For the first half of 2022, we will also be comping a period with no public company costs, which have a material impact to our G&A. Our business model, coupled with a best-in-class team have enabled us to deliver a unique financial profile, where we can continue to invest in our business to support our high-growth expectations while still delivering 20-plus percent adjusted EBITDA margin. As we say here at FIGS, if it was easy, everyone would do it. It is not easy to deliver this level of performance, and we will continue to push ourselves to do so.

We see tremendous opportunity ahead of us on top of our strong results today. We are underpenetrated in the U.S. Our lifestyle business is just getting started, and our international opportunity is essentially untapped.

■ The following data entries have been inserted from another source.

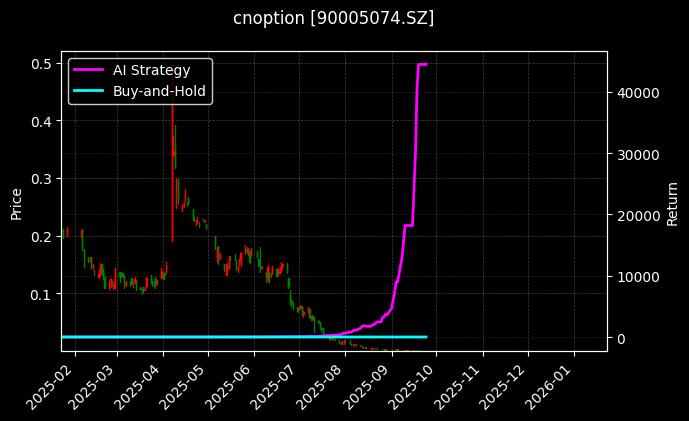 易方达创业板ETF期权2509认沽2.05[90005074.SZ]图表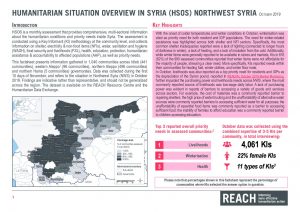 Humanitarian Situation Overview in Northwest Syria – October 2019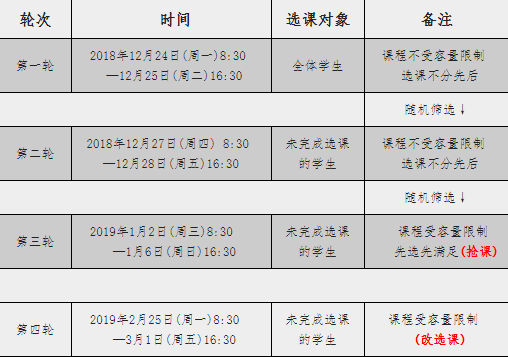 微信截图_20190222101627 微信截图_20190222101627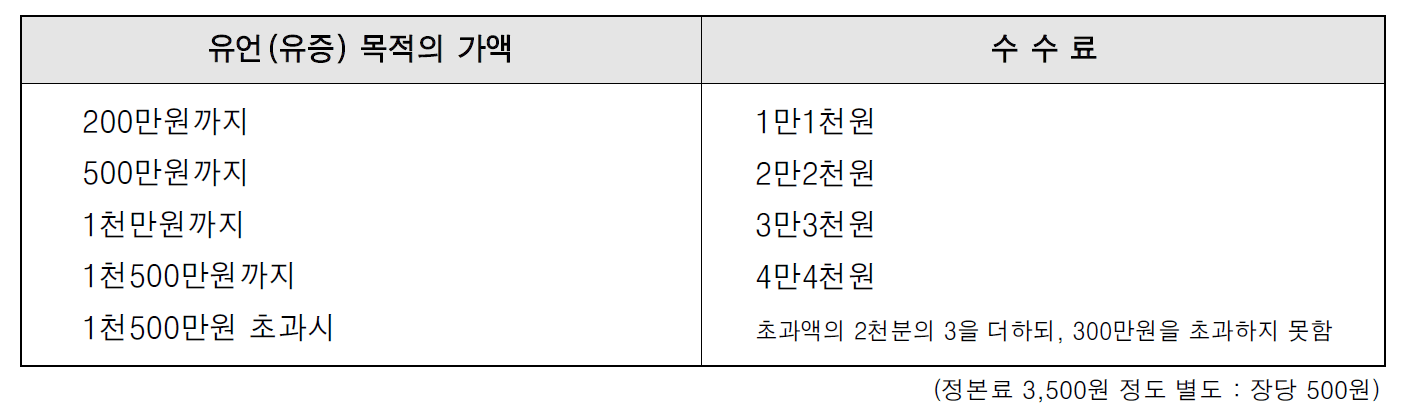 유언 방법 5가지 비교, 유언공증 방법 | 김지환 법무사
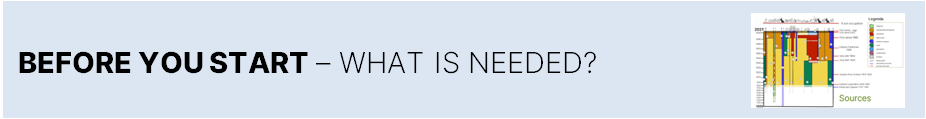 Before you start - what is needed?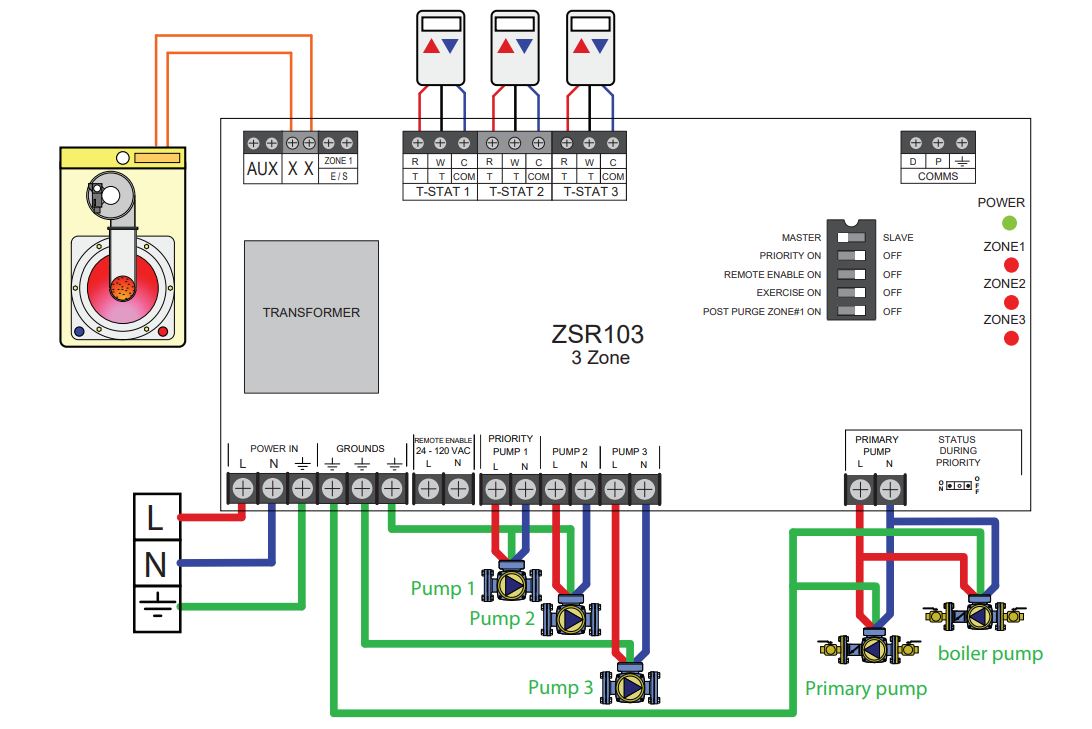 Caleffi ZSR 103 multiple thermostat diagram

It's been an incredible journey so far, and I look forward to building on our momentum into 2022 and beyond.

With that, I will turn it over to the operator to kick off our Q&A session first with our analyst community. After addressing their questions, we will then answer a handful of questions received from our shareholders through the Say platform. Operator?

Questions & Answers:


Operator

[Operator Instructions] Our first question is from the line of Adrienne Yih with Barclays. Please go ahead.

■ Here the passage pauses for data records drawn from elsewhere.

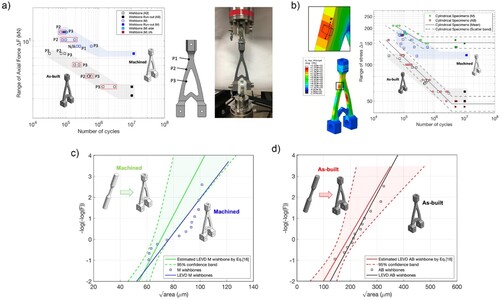 Figure 22. The summary of fatigue life assessment of a bracket produced via the L-PBF: (a) S-N curve of the bracket in the as-built and machined conditions, (b) S-N curve of the cylindrical test specimen, (c, d) Defect distributions for the machined and as-built specimens [Citation298].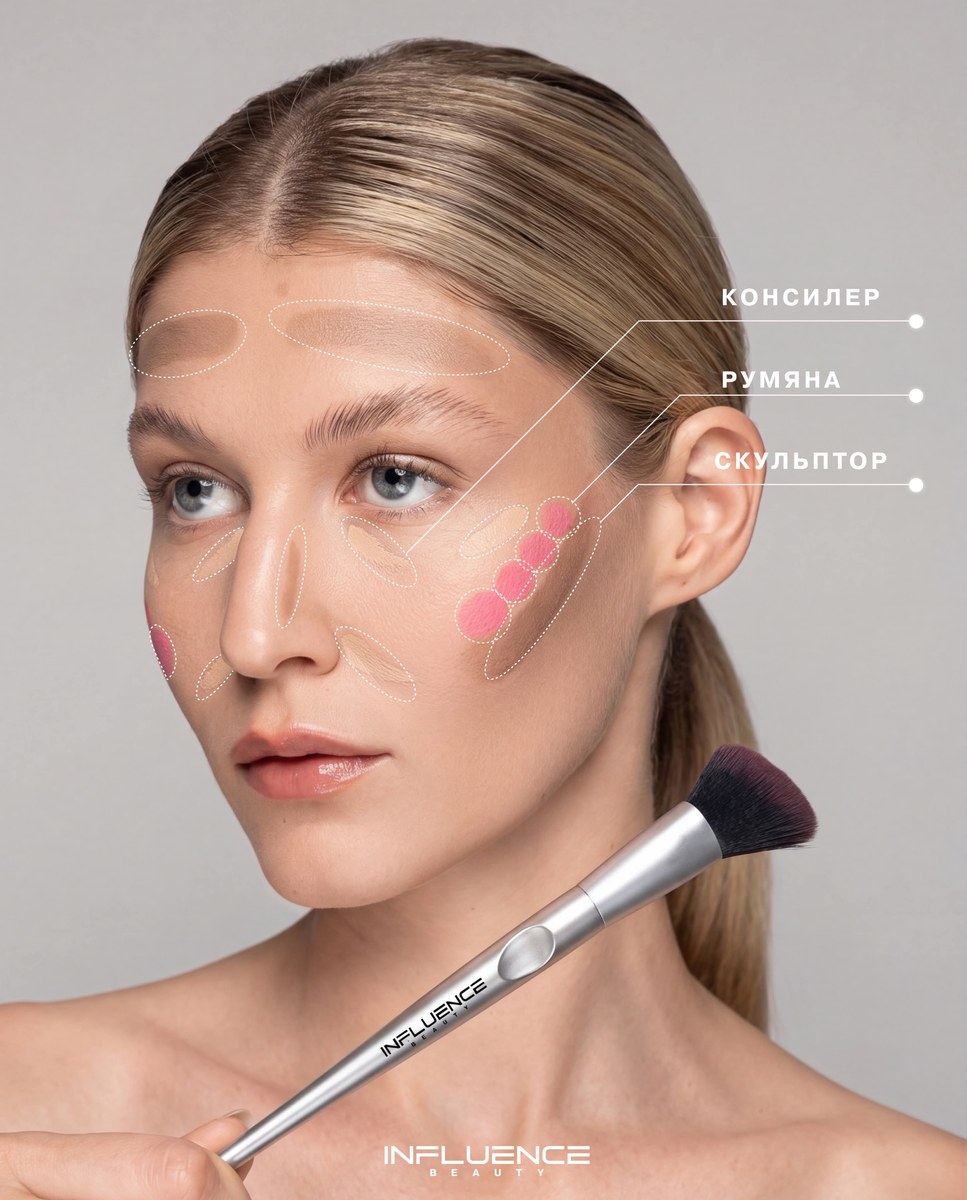 Guide to Decorative Makeup Products and Application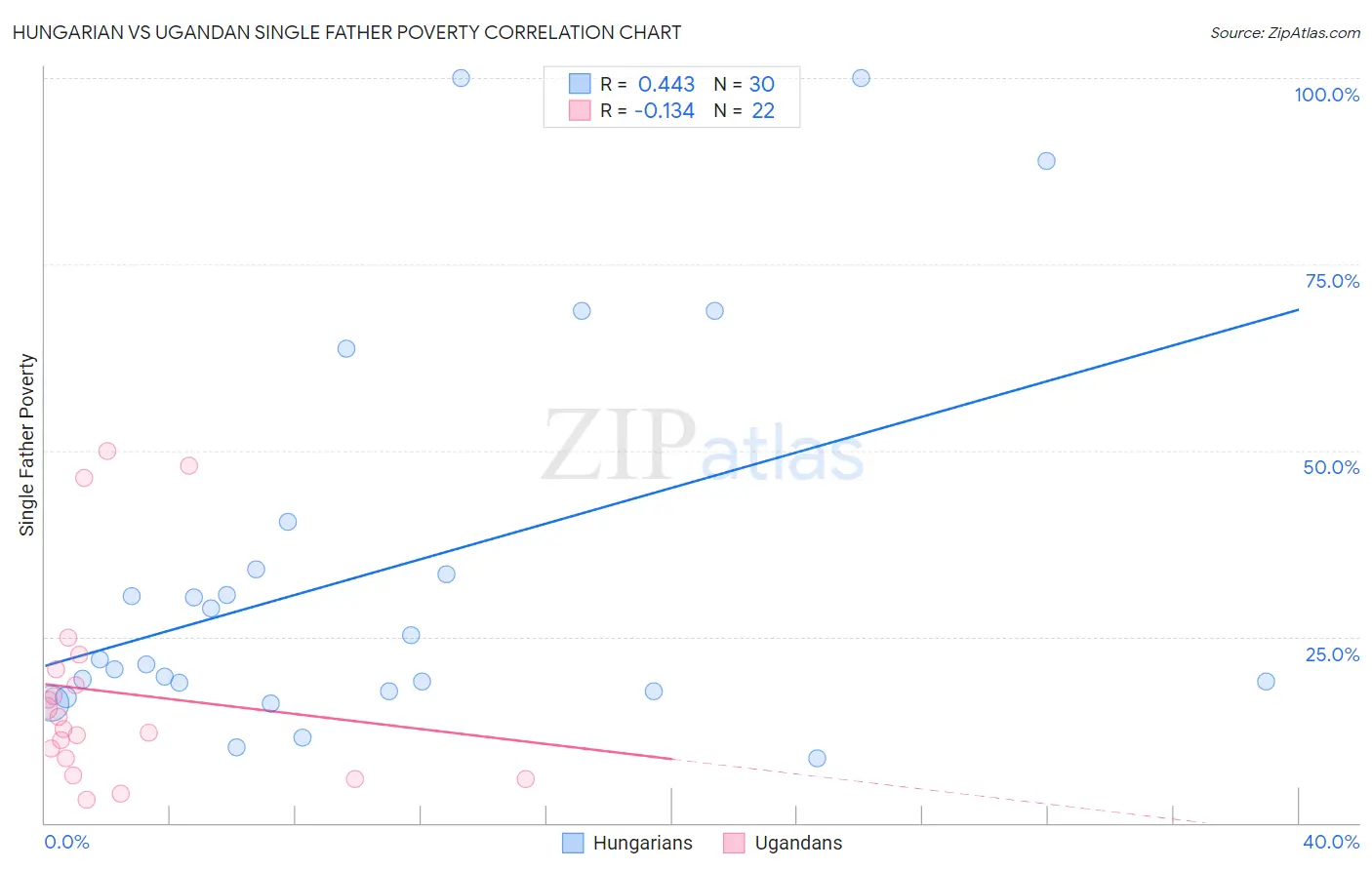 Hungarian vs Ugandan Single Father Poverty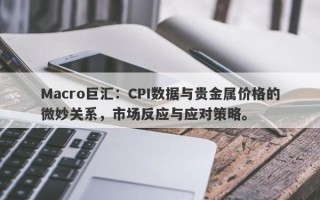 Macro巨汇：CPI数据与贵金属价格的微妙关系，市场反应与应对策略。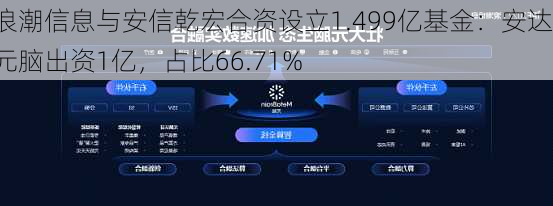 浪潮信息与安信乾宏合资设立1.499亿基金：安达元脑出资1亿，占比66.71%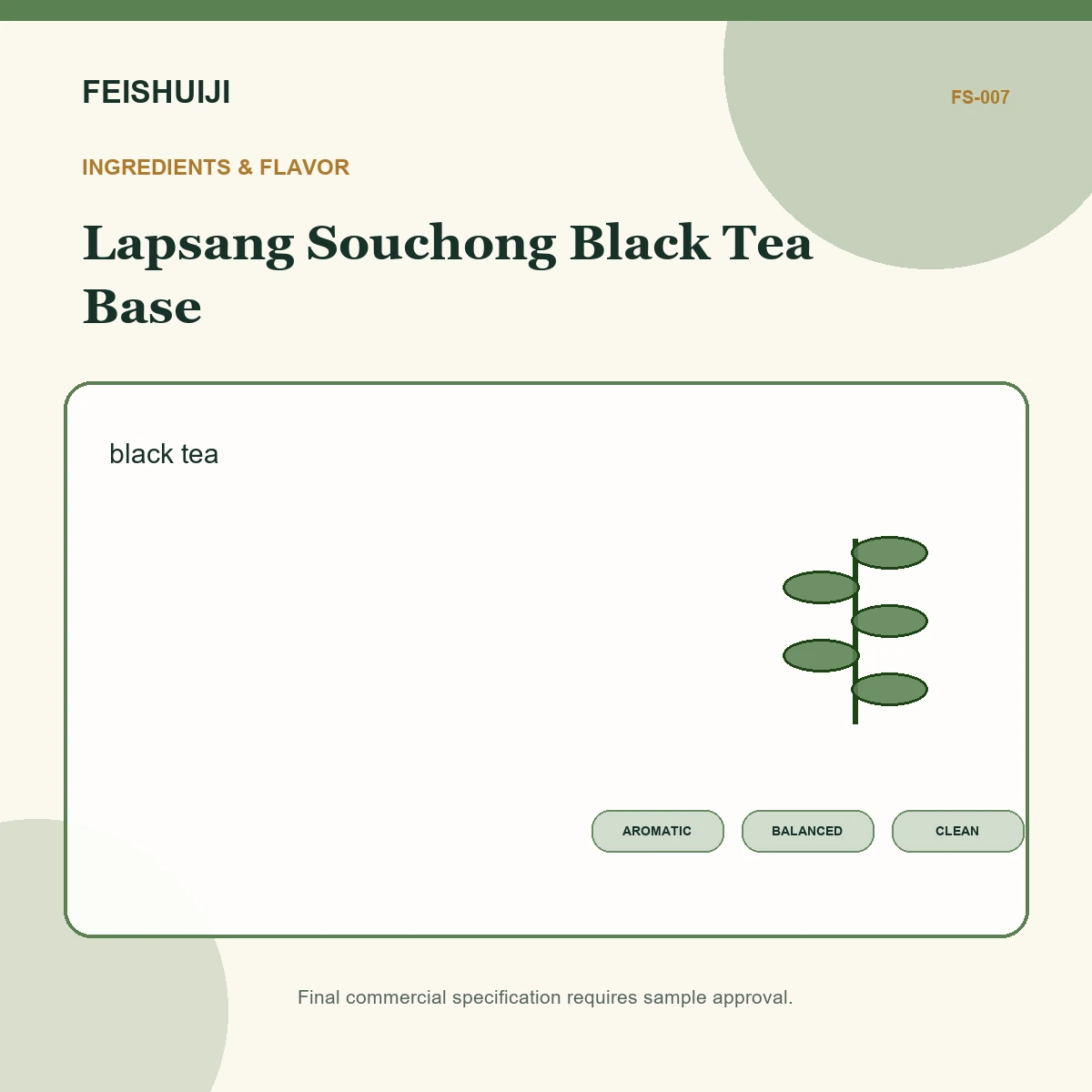 Ingredients and flavor for Lapsang Souchong Black Tea Base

Adrienne Yih -- Barclays Capital -- Analyst

Good afternoon. Good job navigating what is just an extraordinarily difficult backdrop. A question for each of you. Heather, can you talk about the attachment rate of noncore product via product extensions to the core purchases that you've been seeing lately? For Trina, can you talk about February month-to-date trends? And you gave -- Daniella gave color on kind of an equally measured growth rate over the four quarters, but just how are you thinking about where you impacted by stimulus and how you're thinking about that? And then for Daniella, can you talk about inventory purchases? I know you're not doing as much air but give us a little bit more help in Q1 and Q2, the impact of kind of ongoing supply chain over $100 oil, those types of new developments since we last heard from you on January 10.

And what have you embedded into both the demand forecast and the cost forecast? Thank you so much.

Trina Spear -- Co-Chief Executive Officer

Thank you, Adrienne. It's great to hear your voice. OK. So from the first question around our lifestyle offering, it's been incredibly amazing to see how our healthcare professionals are really utilizing the complete layering system, right? And our lifestyle business was 17% of our business in Q4.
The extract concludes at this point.